%%
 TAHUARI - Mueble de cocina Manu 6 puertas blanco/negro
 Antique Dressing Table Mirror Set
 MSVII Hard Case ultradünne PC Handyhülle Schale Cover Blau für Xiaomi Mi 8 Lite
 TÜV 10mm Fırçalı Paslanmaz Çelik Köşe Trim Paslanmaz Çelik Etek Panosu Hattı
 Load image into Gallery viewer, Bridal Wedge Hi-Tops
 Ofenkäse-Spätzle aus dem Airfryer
%%
%%
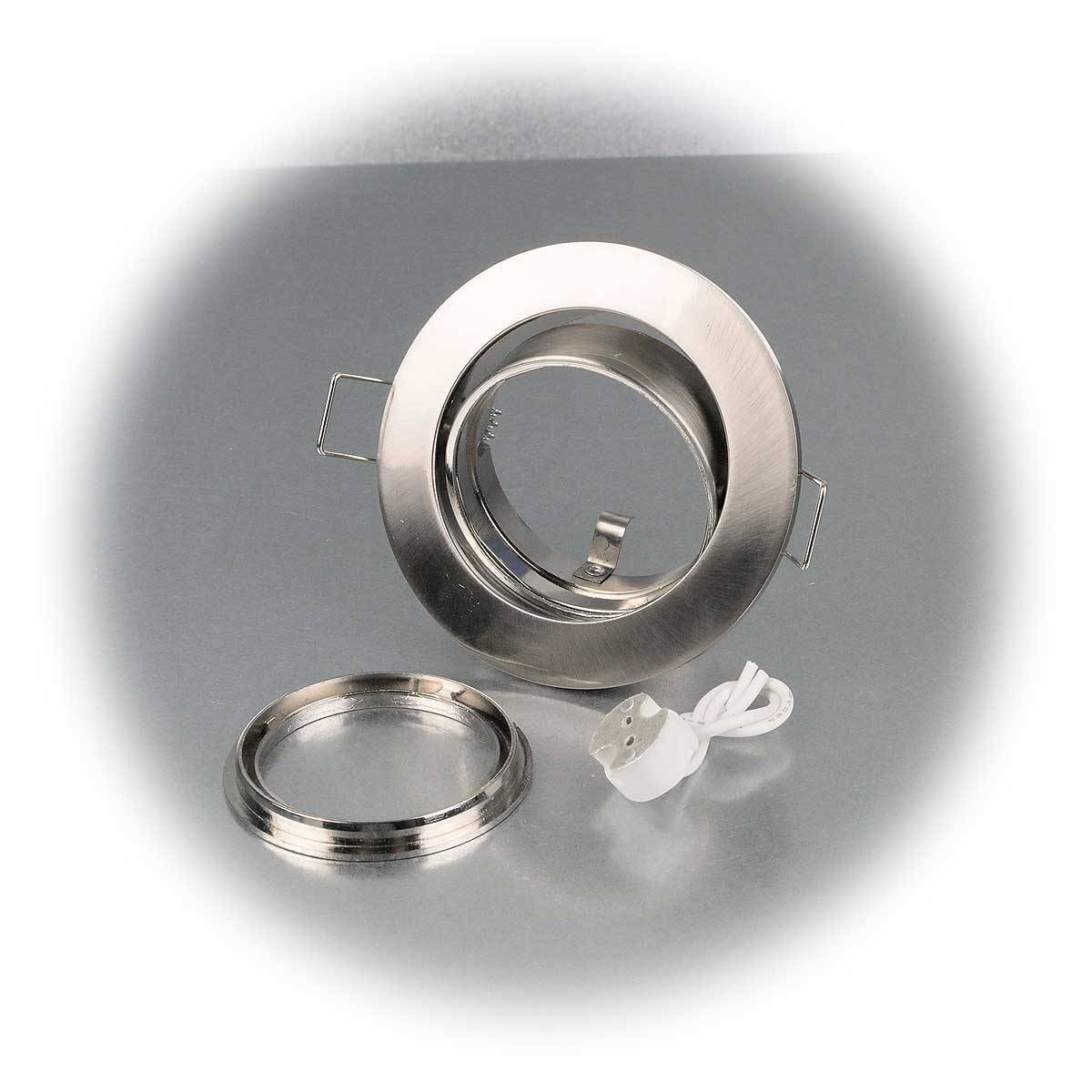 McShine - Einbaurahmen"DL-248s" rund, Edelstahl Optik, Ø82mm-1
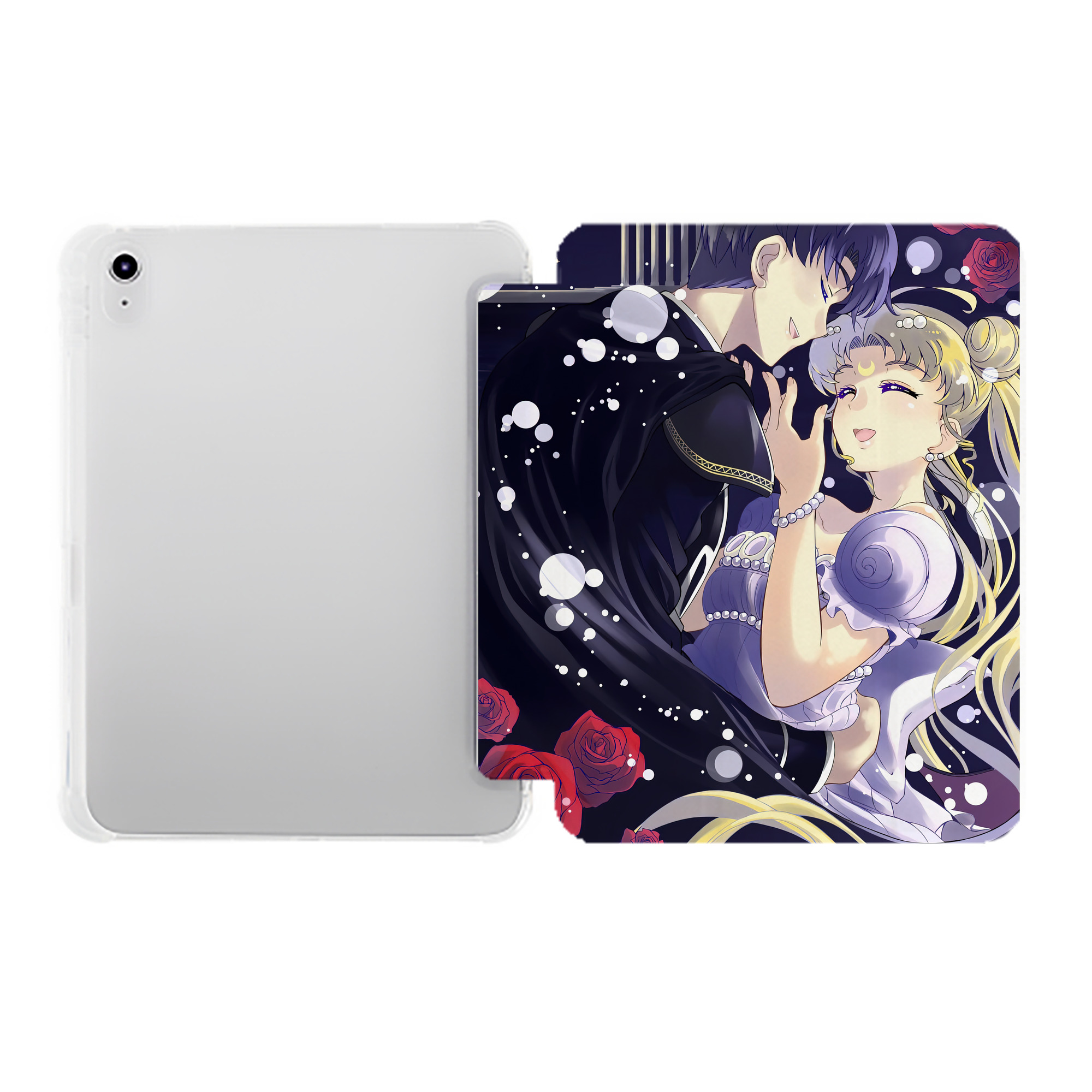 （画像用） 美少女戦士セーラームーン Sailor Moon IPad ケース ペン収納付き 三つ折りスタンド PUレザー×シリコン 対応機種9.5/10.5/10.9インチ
%%
In the entries above, every line from the line with "Edelstahl Optik, Ø82mm-1" to the line with "三つ折りスタンド PUレザー×シリコン 対応機種9.5/10.5/10.9インチ" is to be printed exactly, with both ends included and pictures excluded.

◆ Output of the task:
 McShine - Einbaurahmen"DL-248s" rund, Edelstahl Optik, Ø82mm-1
 （画像用） 美少女戦士セーラームーン Sailor Moon IPad ケース ペン収納付き 三つ折りスタンド PUレザー×シリコン 対応機種9.5/10.5/10.9インチ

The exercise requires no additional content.